LONDON — The BBC is doubling its investment in flagship documentaries to £266 million ($412.8 million) over three years in the hope of producing more ratings hits like “Walking With Dinosaurs” and “The Blue Planet.”
Initiative was announced by Jana Bennett, the pubcaster’s new director of television, who was previously head of the Learning Channel in the U.S.
It marks an attempt by the BBC to reassert its public service values at a time when the regime of director-general Greg Dyke is attracting criticism for dumbing-down in a successful pursuit of ratings.
Bennett unveiled a peak-time documentary strand on BBC1 and promised a significant increase in factual programming on the mainstream web and its minority sister BBC2.
“The entertainment and drama series which are the cornerstones of BBC1’s success are in place.
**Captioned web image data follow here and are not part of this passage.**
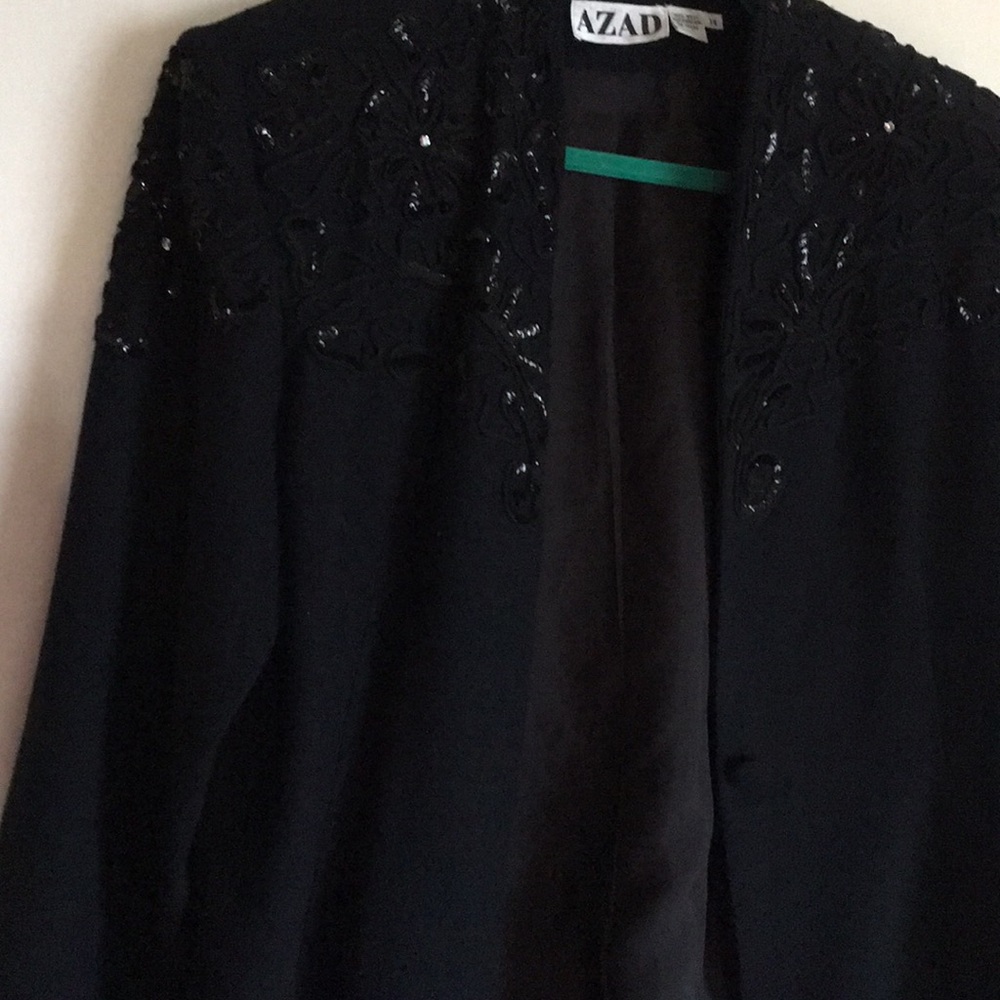 Dress suit coat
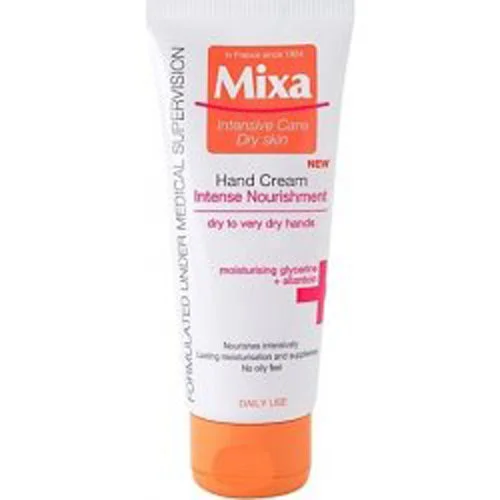 Intense nourishment hand & nail cream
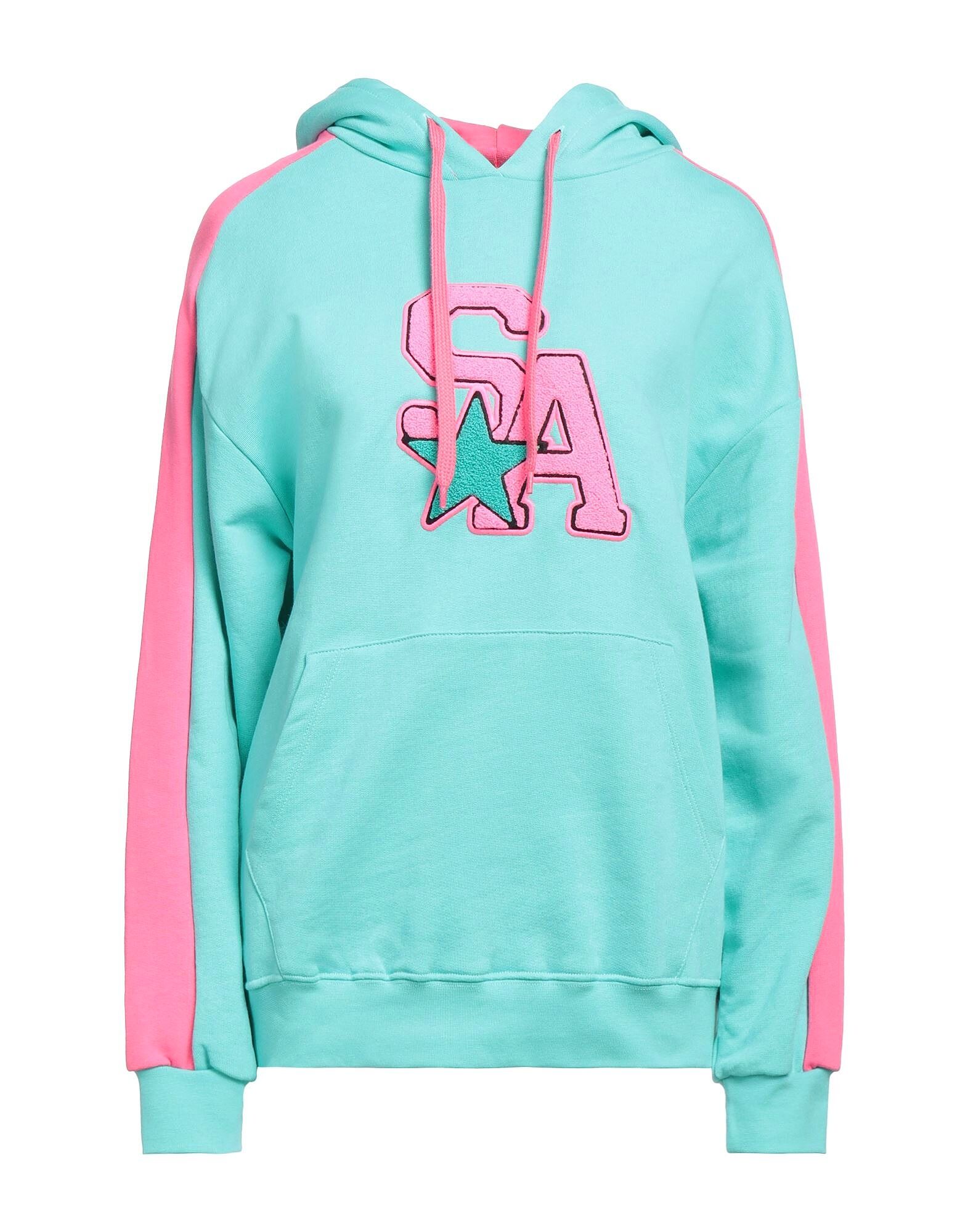 

Толстовка Shopart, бирюзовый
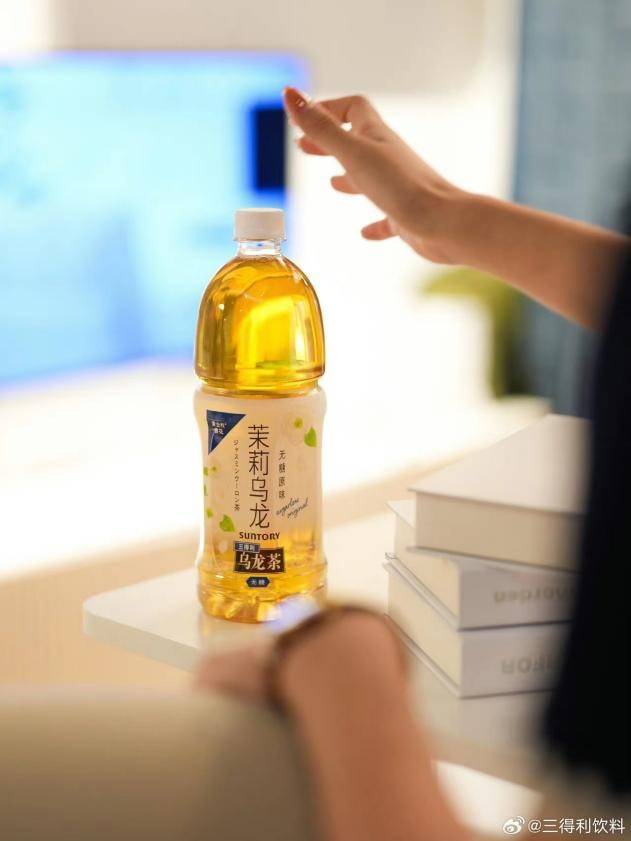 探秘三得利乌龙茶，日式风味的东方之饮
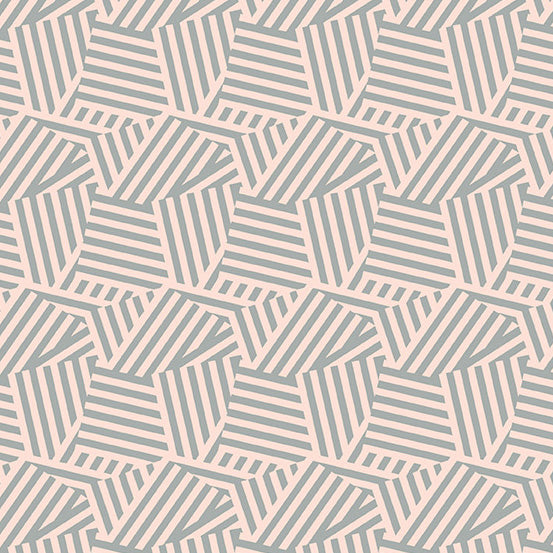 SHELL PINK Daze from Rancho Relaxo by Libs Elliott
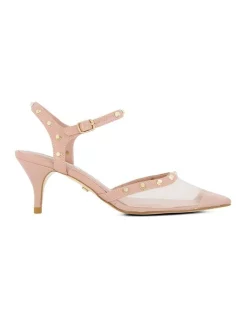 Brand new π₯ Dune London Dandi Di Pumps In Brown π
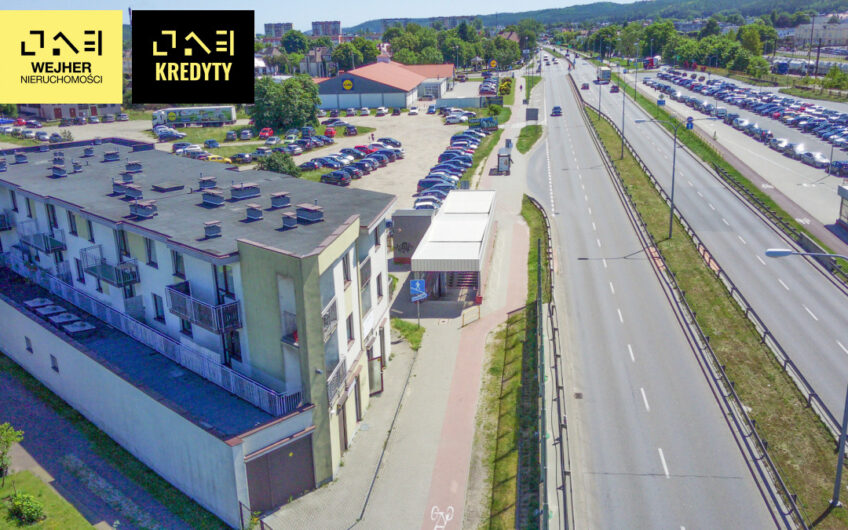 3 Pokoje| Świetna Lokalizacja| 1 Piętro| SKM
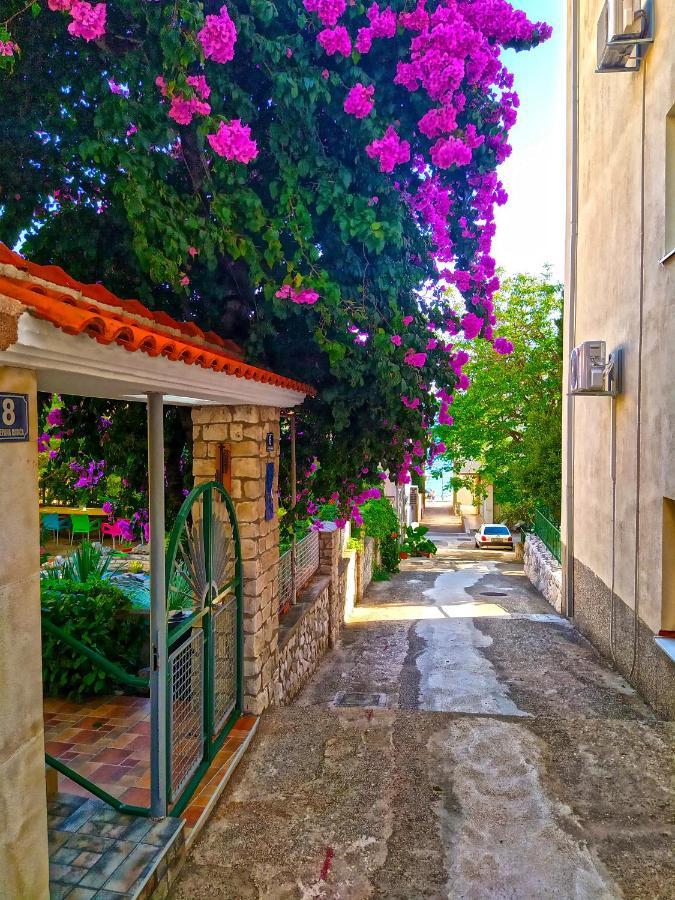 Roso Appartement Gradac  Buitenkant foto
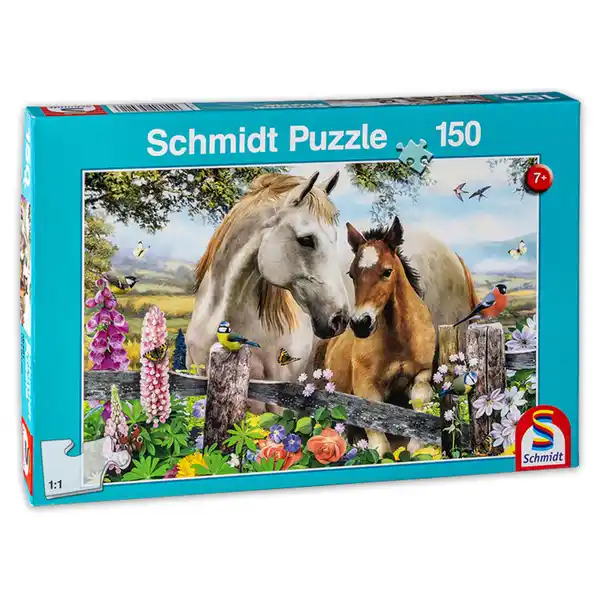 Bild 4 von Schmidt "Bring-mich mit"-Spiel / Kinder-Puzzle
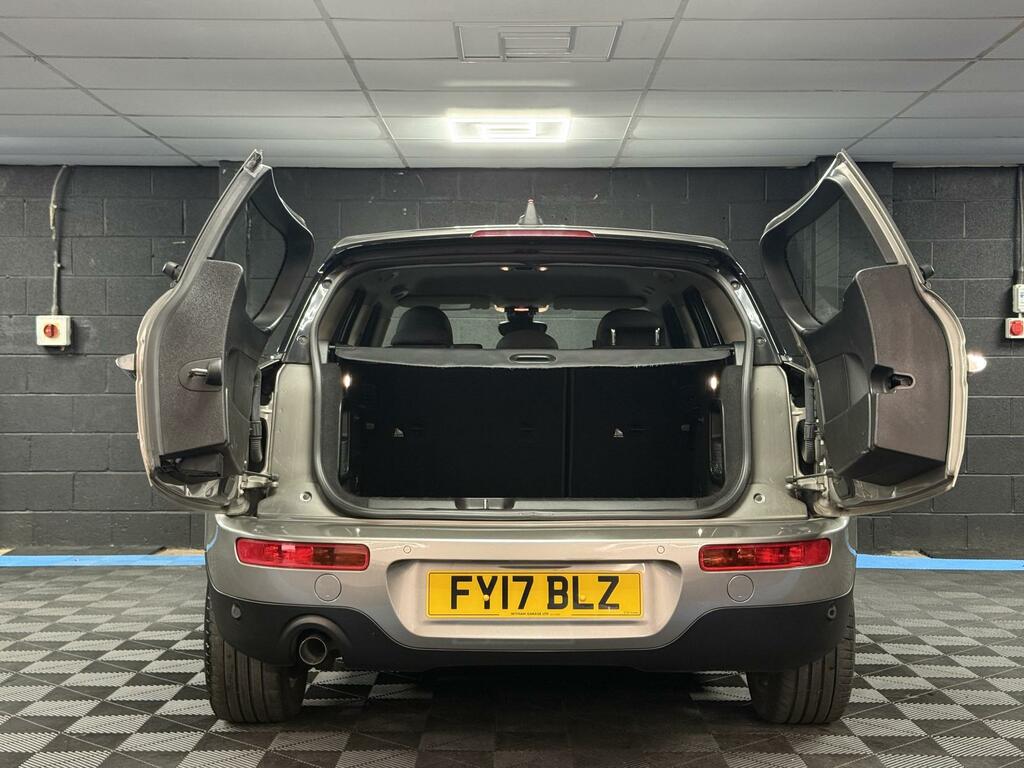 Mini Clubman Cooper S Black #69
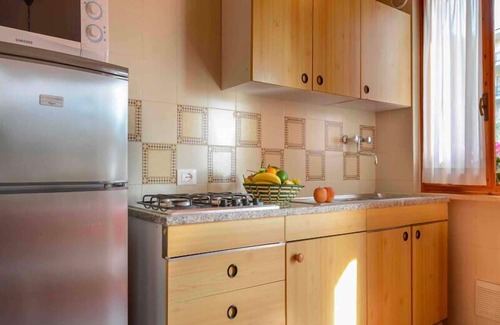 Pietra Ligure Apartamento | Residence Dei Fiori Pietra Ligure Two-room Apartment 4 Pax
Now we need to take risks and add more complexity to the programming,” she said in an interview with the Daily Telegraph.
By land and sea
New blockbuster docs include a series on British flora and fauna; a history of Moses; and “The Ship,” in which volunteers will re-enact the voyages of 18th-century explorer Captain Cook.
The news of the BBC’s increased investment in docs will compound the misery of its commercial rival ITV, which the BBC has overtaken in the ratings over the past year. ITV is suffering from the ad slump and huge losses on its defunct ITV Digital platform.